Segment Open

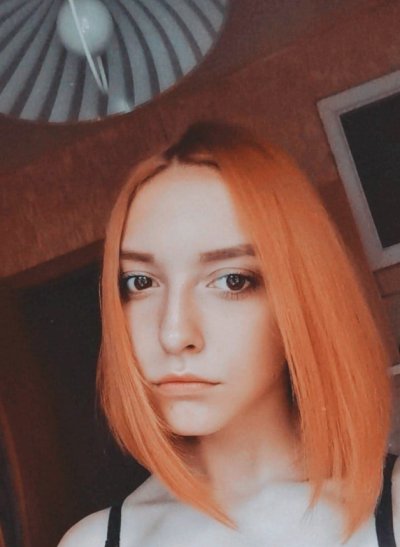 Рыжая красотка без одежды стоит в позе собачки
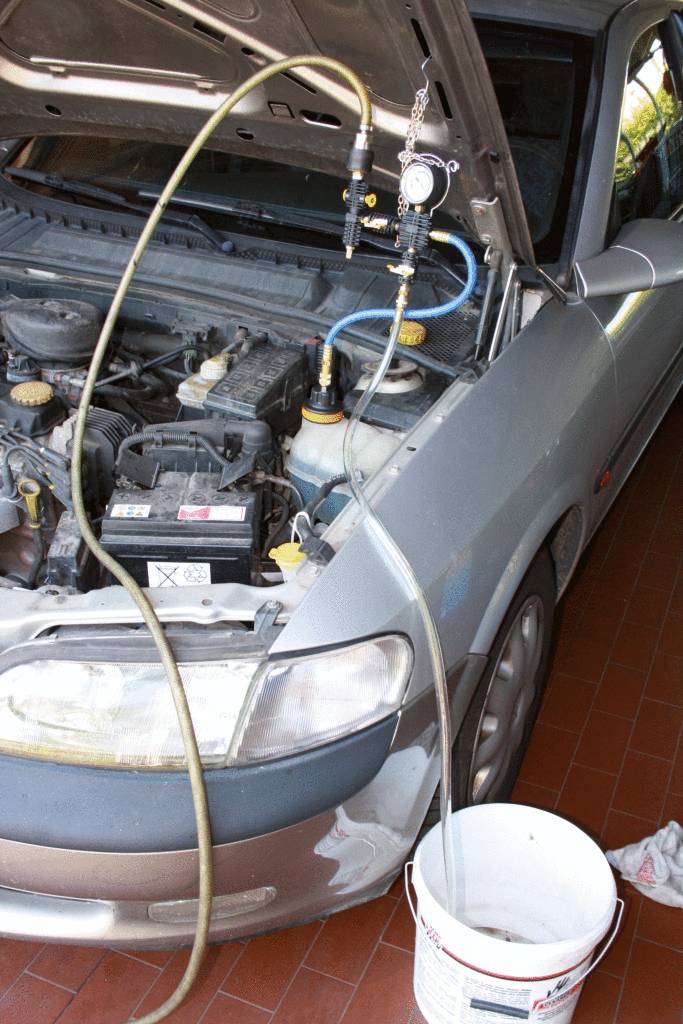 Une voiture avec le capot ouvert est en cours de ventilation. Des tuyaux et un manomètre sont branchés sur le moteur, un seau récupère le liquide.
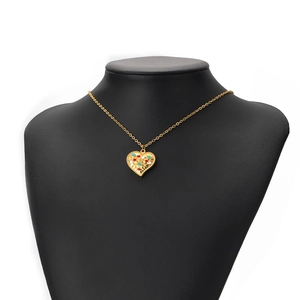 Golden heart necklace with multicolor dotted enamel on black neck model in white background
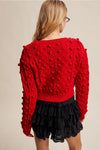 Red Pom Pom Cardigan with Black Velvet Bows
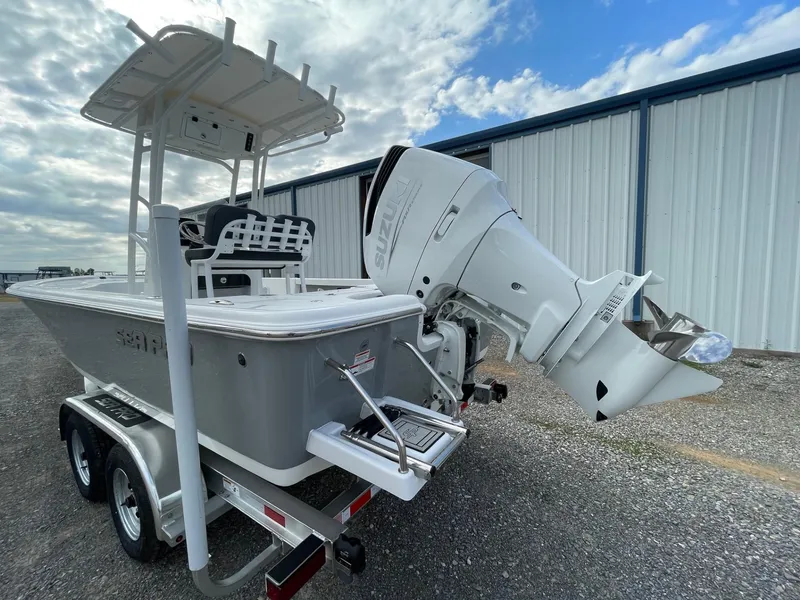 Slide: The Image of 2025 Seapro 230 boat on trailer with powerful outboard motor, parked near warehouse. - 8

Segment Closed

[HOW TO COMPLETE THIS TASK]: In full and without error, repeat the listing above, omitting its images.

[EXERCISE RESPONSE]:
 Рыжая красотка без одежды стоит в позе собачки
 Une voiture avec le capot ouvert est en cours de ventilation. Des tuyaux et un manomètre sont branchés sur le moteur, un seau récupère le liquide.
 Golden heart necklace with multicolor dotted enamel on black neck model in white background
 Red Pom Pom Cardigan with Black Velvet Bows
 Slide: The Image of 2025 Seapro 230 boat on trailer with powerful outboard motor, parked near warehouse. - 8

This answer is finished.